“But were you attacked? Did this mysterious person attempt to strike you or anything like that?”
“He didn’t have time. You see I was ready for him with the stick when he opened the door.” Jack was a little discouraged by the lack of interest which the chief displayed. The latter seemed to be preoccupied and quite without sympathy.
“Did this person steal anything?”
“No. There wasn’t much he could have stolen.”
“Then all it amounts to is this: Somebody walked across the deck of your sloop in the early hours of the morning and opened the door of the cabin. You haven’t got much of a case for us to handle, young man.” He smiled, but there was something rather ironical about that smile. “Even if we found this midnight visitor of yours—which I hardly think is likely, as you don’t know what he looks like, and you don’t really know whether it’s a man or a woman—what would you like us to charge him with? Certainly not theft. And you know as well as I do that there isn’t anything so very peculiar about a man walking across the deck of another man’s boat, whatever the time of day or night. I’ve done it myself, dozens of times. Sometimes one has to, to get ashore.”

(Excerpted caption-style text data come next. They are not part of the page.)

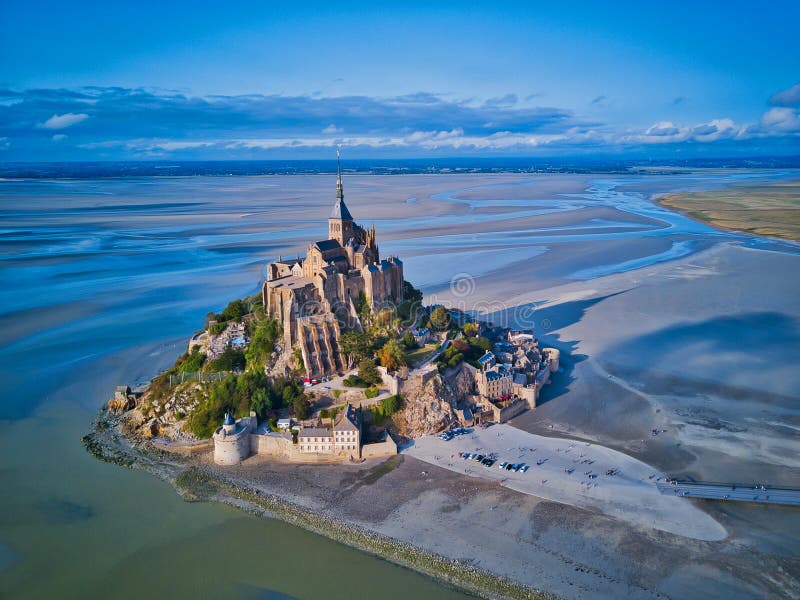 Punto di vista superiore di Mont Saint Michel Bay, Normandia Francia immagini stock libere da diritti Punto di vista superiore di Mont Saint Michel Bay, Normandia Francia immagini stock libere da diritti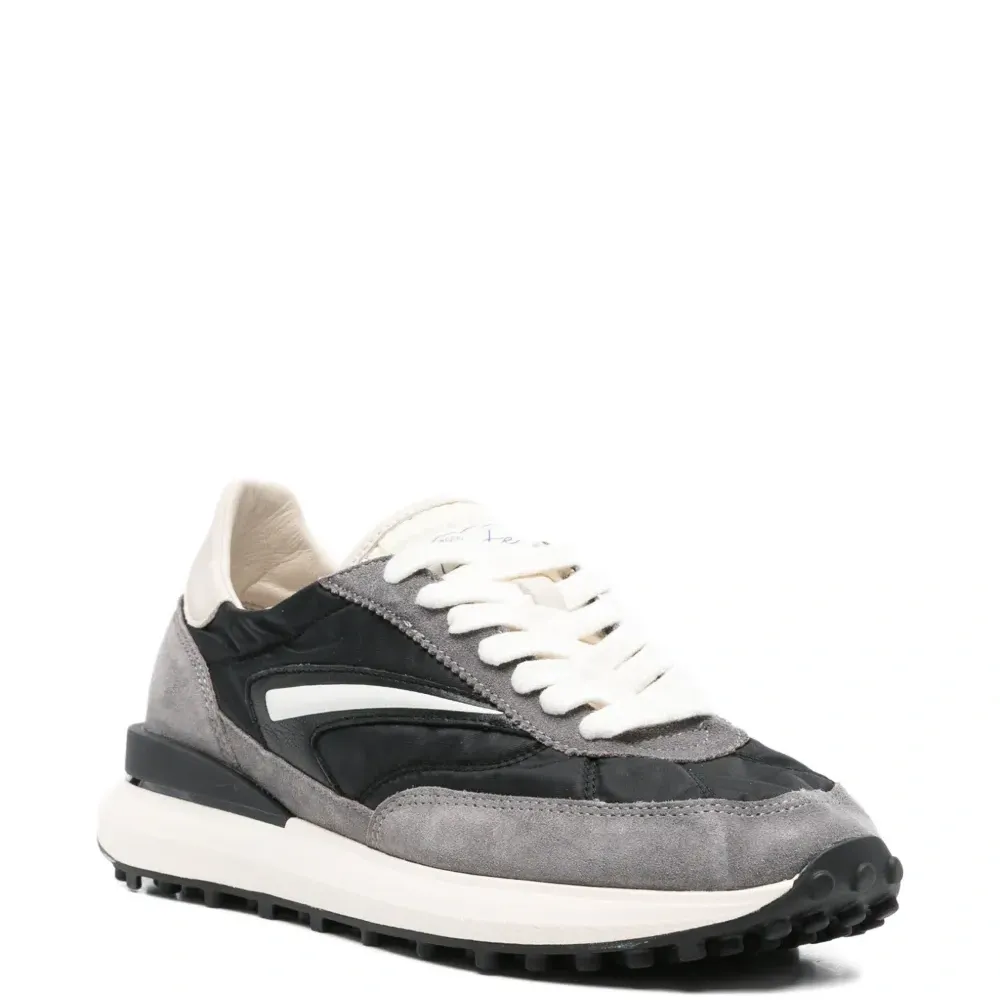 Замшевые кроссовки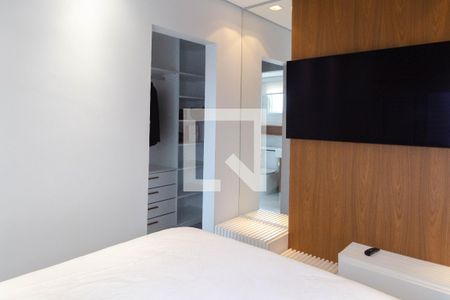 Apartamento à venda com 130m², 3 quartos e 2 vagas Apartamento à venda com 130m², 3 quartos e 2 vagasQuarto 1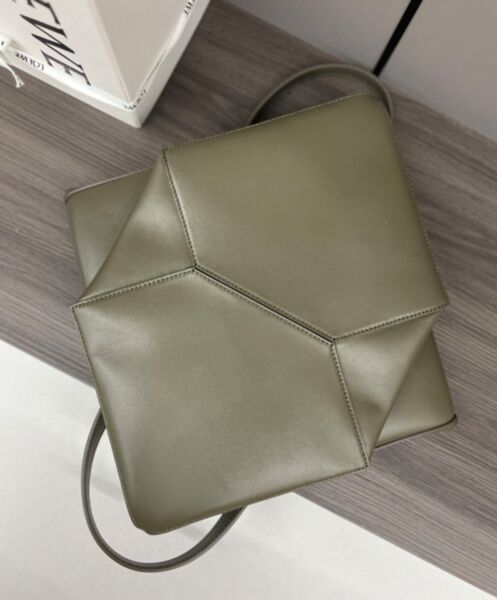 Loewe Puzzle Fold Tote In Shiny Calfskin 7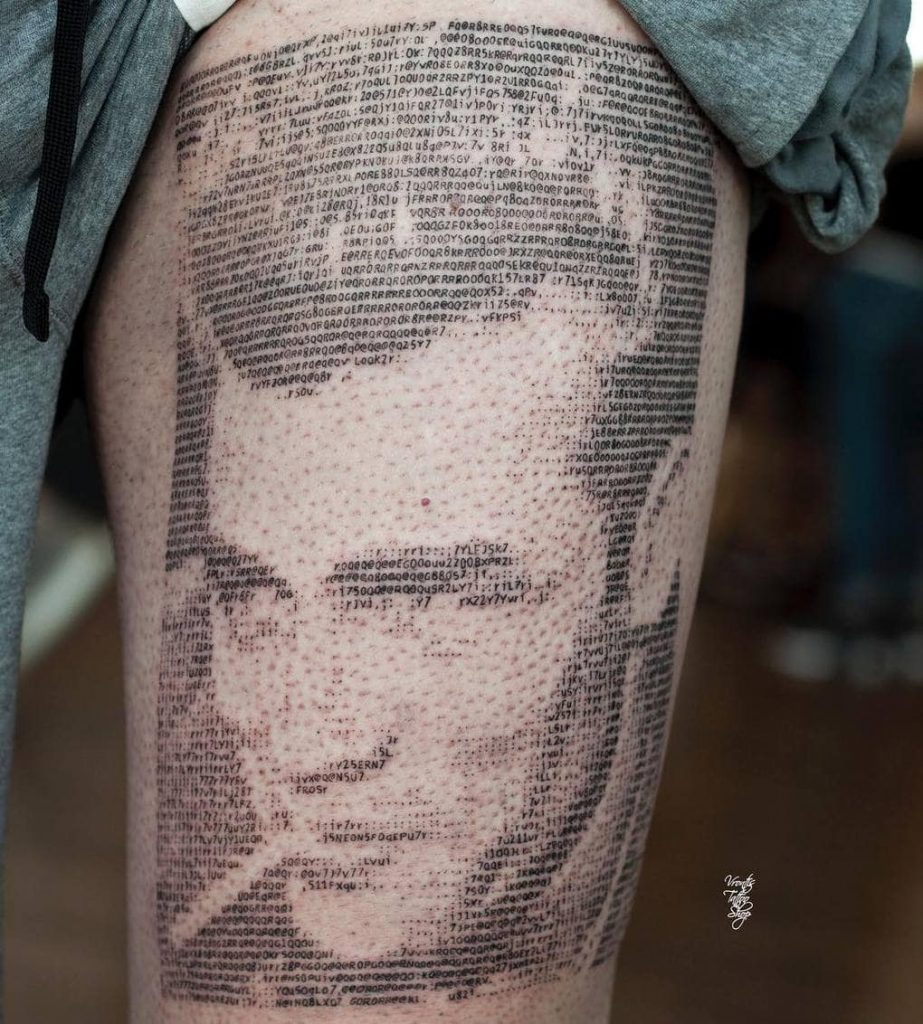 Les incroyables tatouages ASCII de Andreas Vrontis Les incroyables tatouages ASCII de Andreas Vrontis 16 Les-incroyables-tatouages-ASCII-de-Andreas-Vrontis-16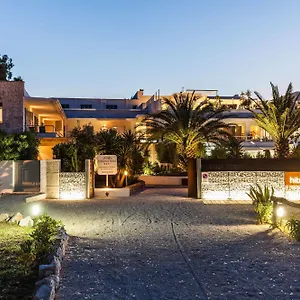 Apartahotel Hibiscus, La Caletta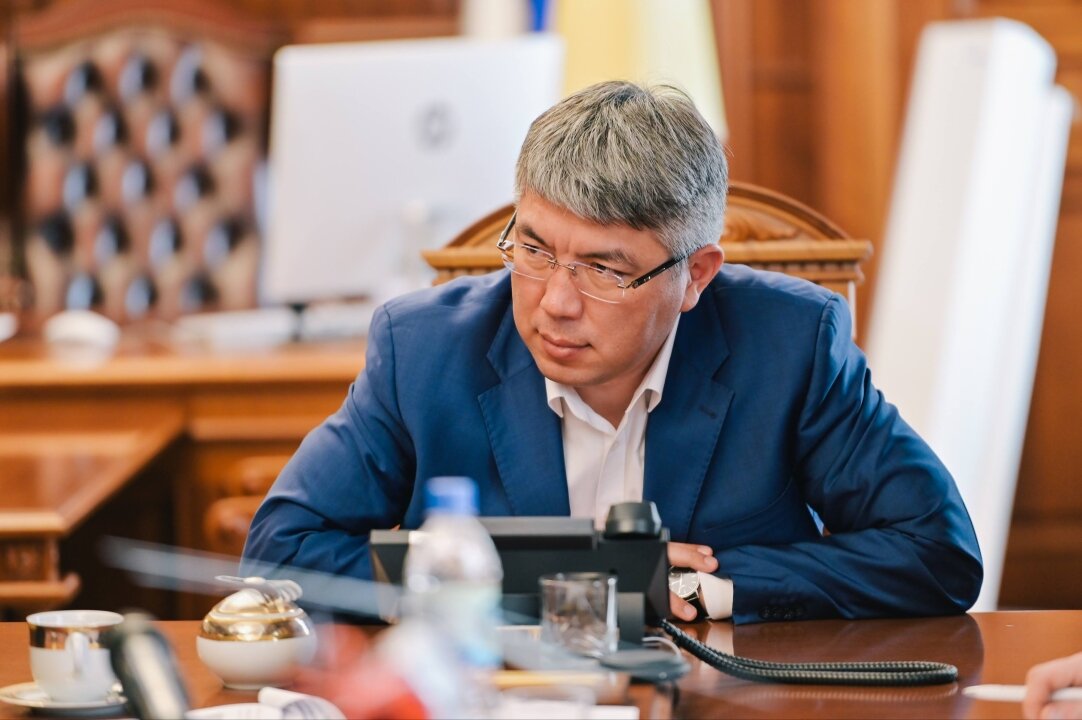    Цыденов назвал расистскими слова экс-посла Израиля о бурятах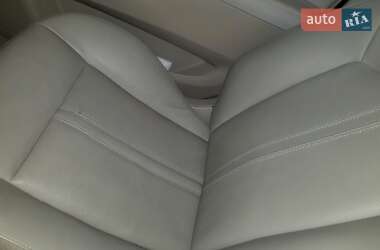 Внедорожник / Кроссовер Cadillac SRX 2014 в 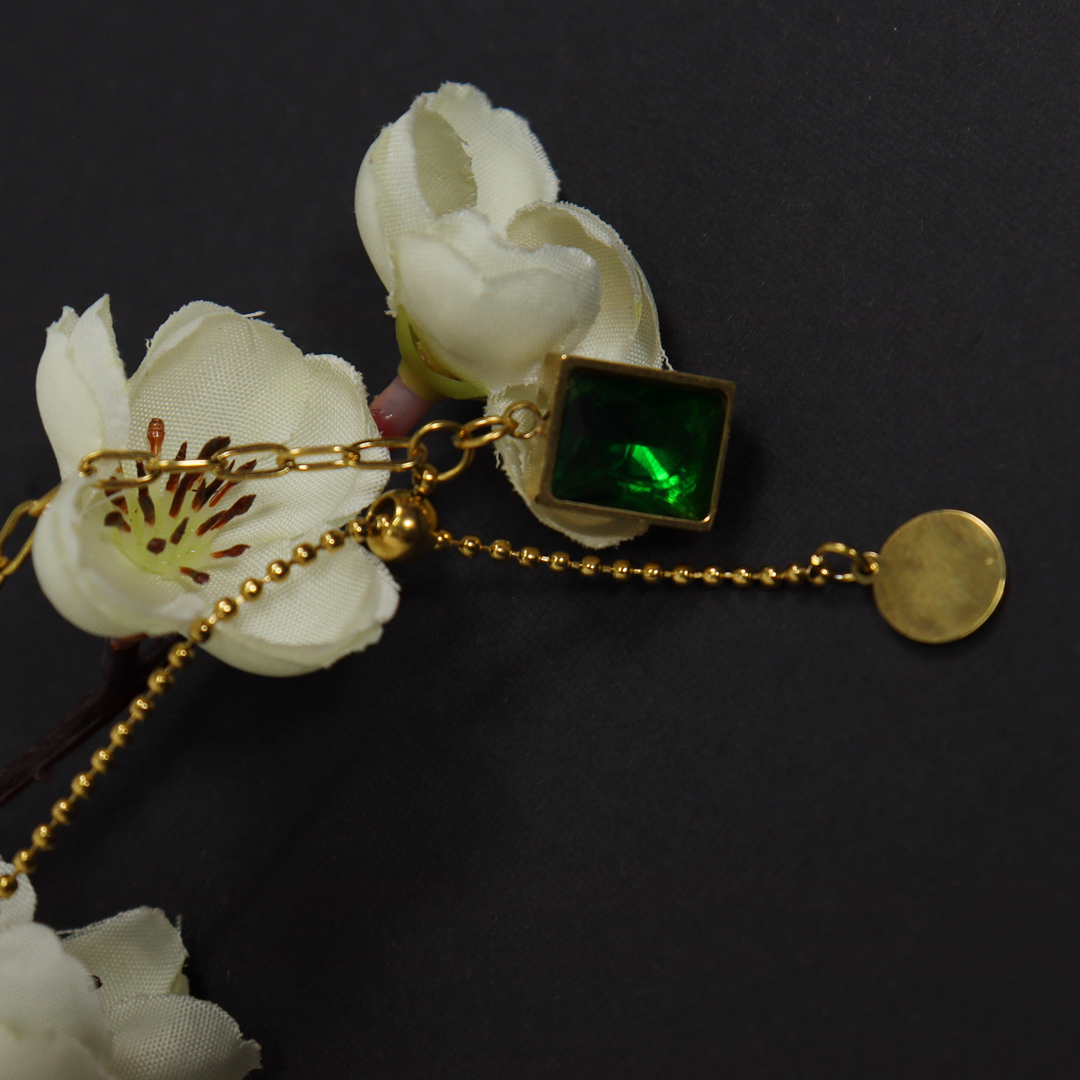 COLLAR PIEDRA VERDE Y PLACA PERSONALIZADA A LÁSER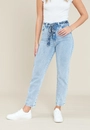 Calça Jeans Azul Claro Mom Com Cinto Estampado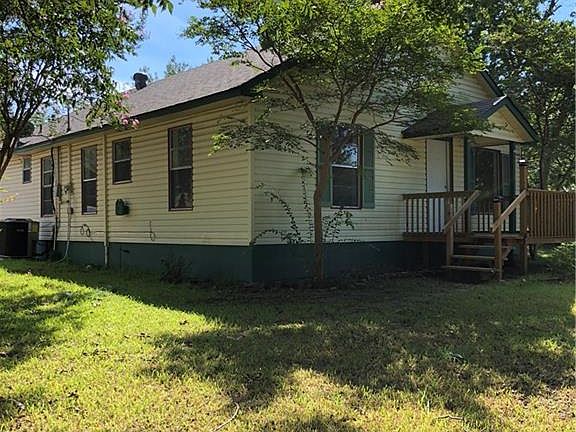2nd image of 108 Oak St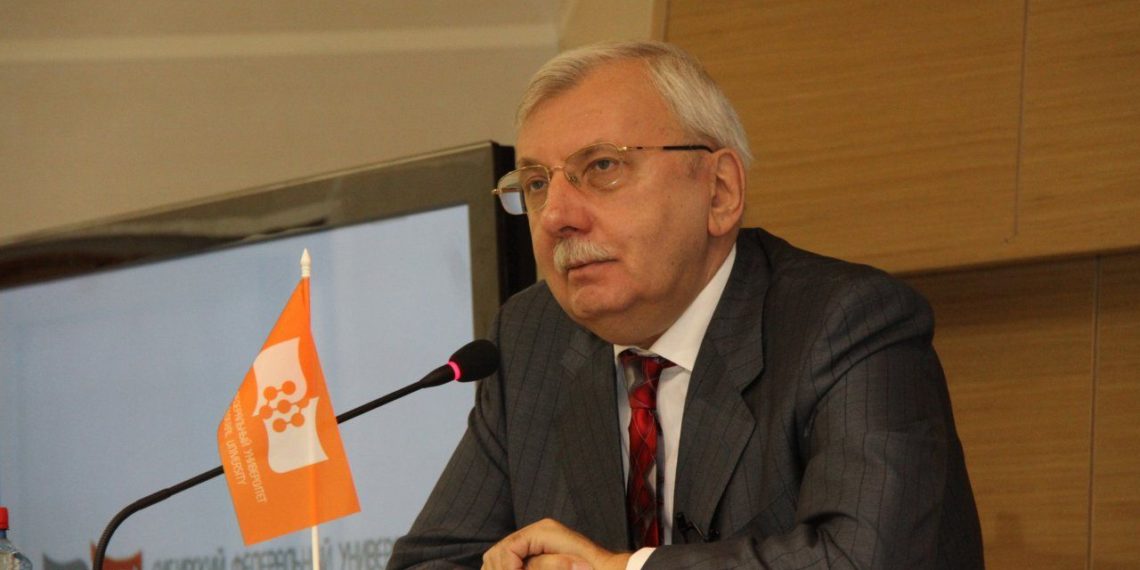 Студенты НГУ бойкотировали выступление декана из Москвы после вопроса о Слуцком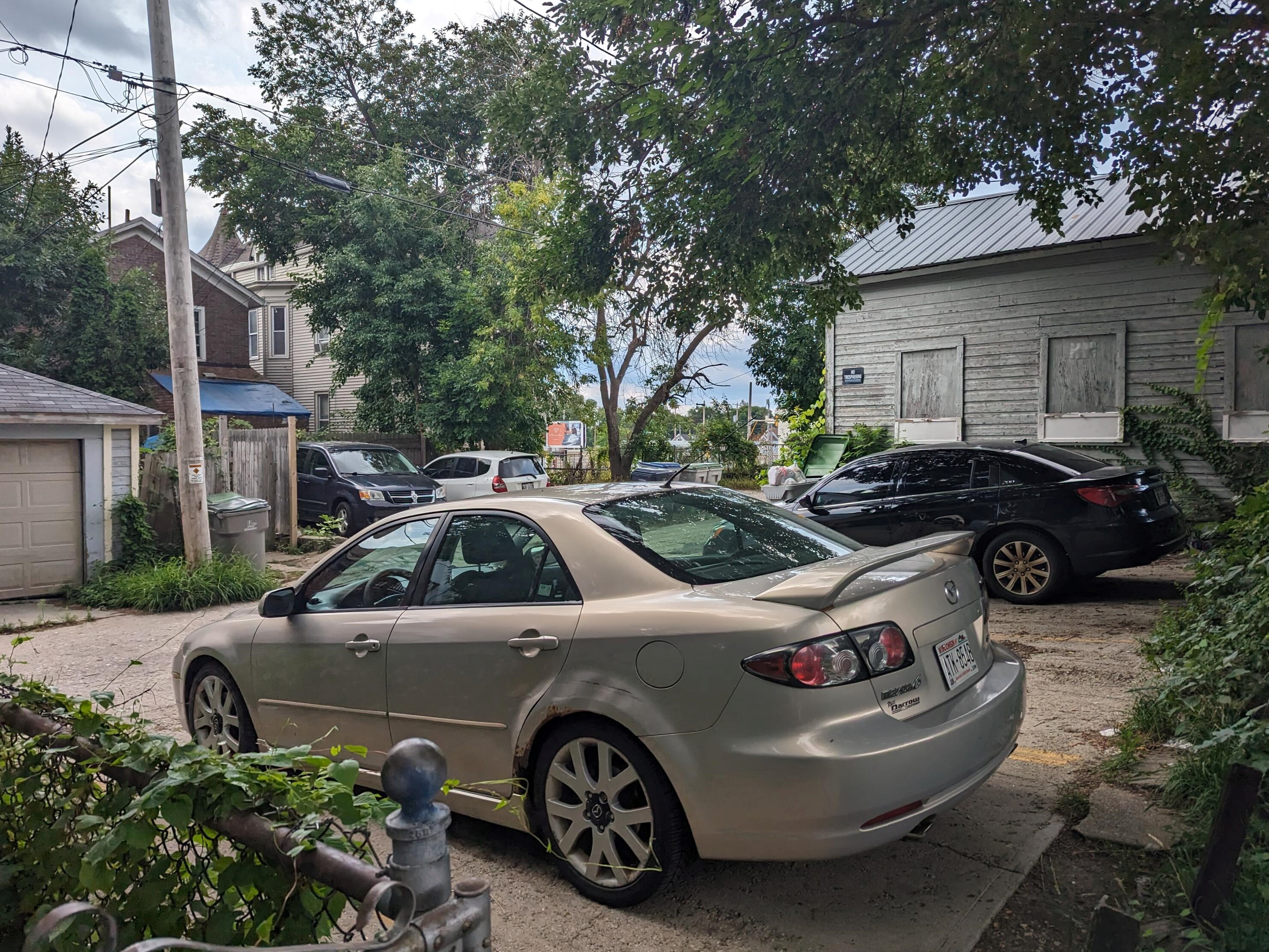 521 26th St, Milwaukee WI  53233-2512 exterior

“But he opened the door of the cabin.”
The chief shrugged.
“Well, what of it?” he queried. “It may have been some sailor or fisherman who was curious to see what it looked like inside. Or, again, it may have been some one who was looking for a place to sleep for an hour or two, and he never dreamed there was any one aboard.”
“It doesn’t sound very much, if you look at it like that, does it?” Jack said, nonplussed by the cold and logical attitude of the chief. “But I thought we ought to come up and let you know.”
“That’s all right,” replied the official. “But I guess there’s nothing to be alarmed about.”